業務改善につながる正しい仕事の振り返りとは

ビジネスにおいて振り返りは欠かすことのできない大切な作業です。個人の振り返りについてはPDCAサイクルが有名ですが、今回はチームにおける振り返りに適した手法であるKPT法についてご紹介していきます。

なぜ振り返りが必要なのか?

なぜ振り返りが必要なのか?

振り返りをすることで過去の出来事を評価でき、自己理解が深まるため、過去を正確に評価することで次の目標に挑める状態を作り、確実にステップアップできるようになります。課題や弱点と冷静に向き合うきっかけにもなるので、継続的成長をしていくためには振り返りは必須行動といえます。

効果的な振り返りにはフレームワークの活用が必須

効果的な振り返りにはフレームワークの活用が必須

1.代表的フレームワークであるPDCAサイクルとは?

PDCAサイクルとは、Plan(計画)→Do(実行)→Check(評価)→Action(改善)を回していく手法で、現状の課題や目標を認識し、適した行動を設定し行動と反省を繰り返すことのできるサイクルです。課題の本質から逸れずに課題に向き合っていける社会で広く活用されている振り返りメソッドです。

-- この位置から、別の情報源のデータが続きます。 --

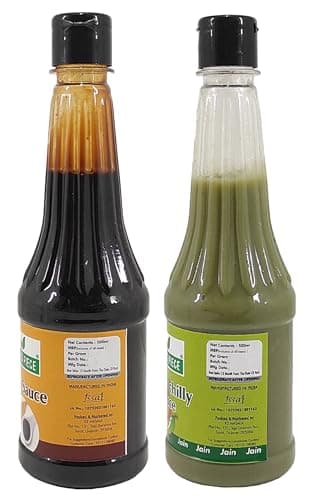 Green Piece Jain Sauce WIth No Onion/Garlic Soya sauce & Green Chilli Sauce(Pack of 2) Sauce (1000 ml) — image 2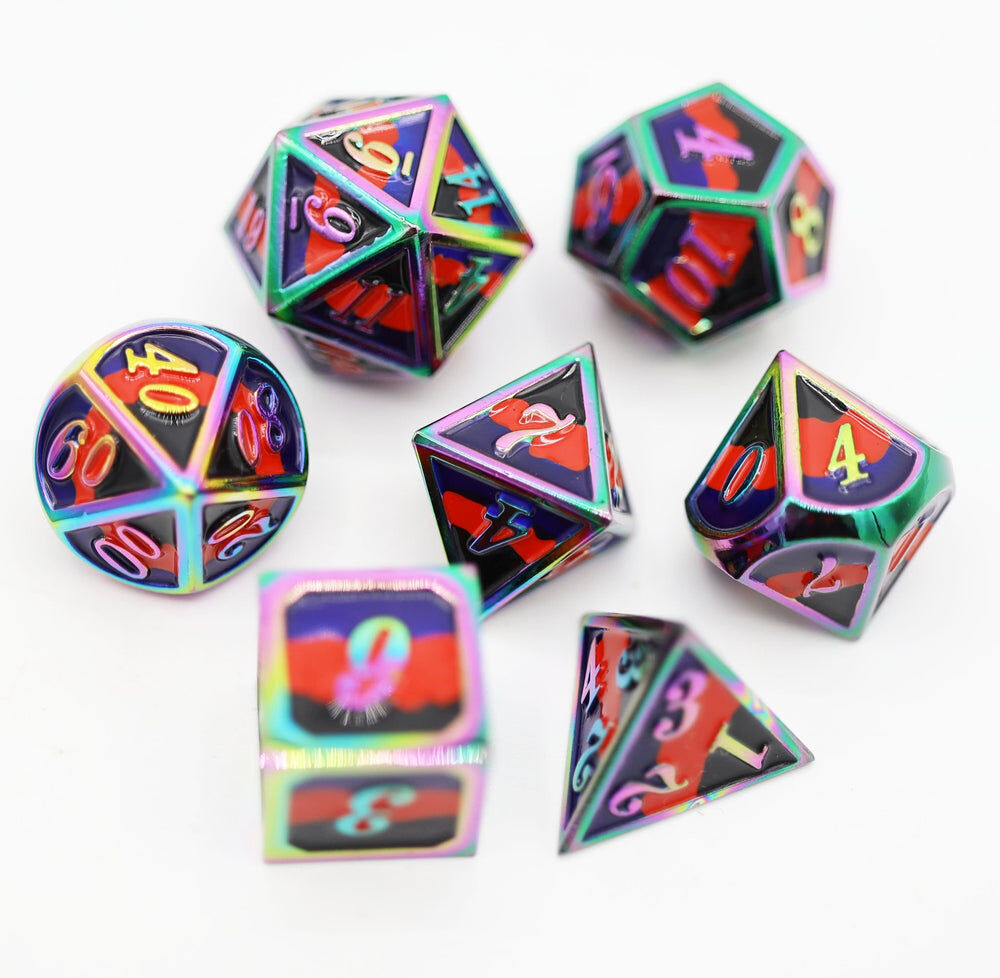 Polyamorous Pride Flag - Metal RPG Dice Set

個人ベースで行うならばPDCAサイクルも悪くありませんが、今回はチームで業務改善を実施するという観点からKPT法をお勧めします。

2.KPT法とは

KPTとは、「Keep(続けるべきこと)・Problem(課題)・Try(次にすること)」の頭文字を取った略称です。チームで振り返りをする場合はホワイトボード等を用い、付箋にKeep、Problem、Tryとなる内容を書き貼りだし、それぞれの項目について議論をしていきます。手軽にシンプルにスピード感を持って行うことがKPT法の利点でもあるため、少数でカジュアルに進めていくことが望ましい手法となります。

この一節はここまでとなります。